Personal information
- Date of birth: 15 October 1990 (age 35)
- Place of birth: Berlin, Germany
- Height: 1.78 m (5 ft 10 in)
- Position: Defender

Team information
- Current team: Elazığspor
- Number: 36

Youth career
- Hilalspor Berlin
- Türkiyemspor Berlin
- 0000–2006: BSV Hürtürkel
- 2006–2007: SV Tasmania Berlin
- 2007–2009: Hertha Zehlendorf

Senior career*
- Years: Team / Apps / (Gls)
- 2009–2011: VfL Wolfsburg II / 12 / (1)
- 2011–2013: Berliner AK 07 / 60 / (13)
- 2013–2015: Osmanlıspor / 10 / (0)
- 2014–2015: → Polatlı Bugsaşspor (loan) / 35 / (1)
- 2015–2016: 1. FC Magdeburg / 24 / (1)
- 2016–2019: Denizlispor / 85 / (0)
- 2019–2022: Bursaspor / 90 / (5)
- 2022–2024: Manisa / 65 / (5)
- 2024–2025: Iğdır / 16 / (2)
- 2025–2026: Sakaryaspor / 33 / (0)
- 2026–: Elazığspor / 0 / (0)

= Burak Altıparmak =

German footballer (born 1990)

Burak Altiparmak (born 15 October 1990) is a German footballer who plays for TFF 2. Lig club Elazığspor.

== Career ==
Altiparmak began playing football in his hometown Berlin, at BSV Hürtürkel, before joining the youth programs at SV Tasmania Berlin and later Hertha Zehlendorf. In 2009, he moved to VfL Wolfsburg, but played in the reserve side only and the left the club again in 2011, joining Berliner AK 07. He established himself in the first team at his new club and appeared in 60 of the 64 league matches the club played while he was there. He was also part of the team that upset Bundesliga side TSG 1899 Hoffenheim 4–0 in the first round of the 2012–13 DFB-Pokal.

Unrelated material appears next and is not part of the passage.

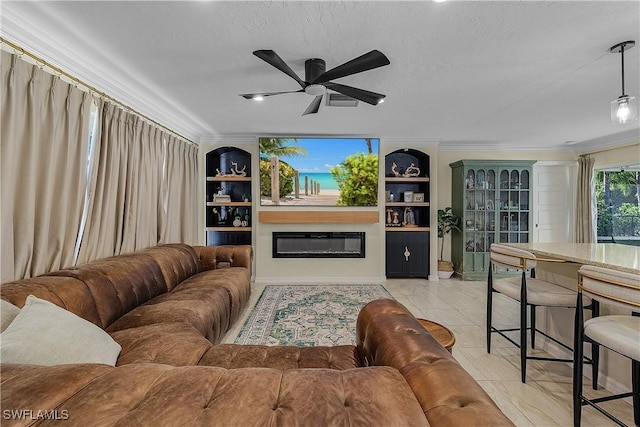 tiled living room featuring ceiling fan, a textured ceiling, and ornamental molding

In 2013 Altiparmak joined Turkish TFF First League side Osmanlıspor on a three-year contract, but was sent to third-tier side Polatlı Bugsaşspor in the winter break. After spending the preseason back with Osmanlıspor for 2015–16 Süper Lig season, he dissolved his contract on 28 August 2015 to join German third-tier side 1. FC Magdeburg. There Altiparmak would be reunited with manager Jens Härtel under whom he had played at Berliner AK. He made his debut for Magdeburg in a 1–0 loss against Stuttgarter Kickers on September 11, 2015.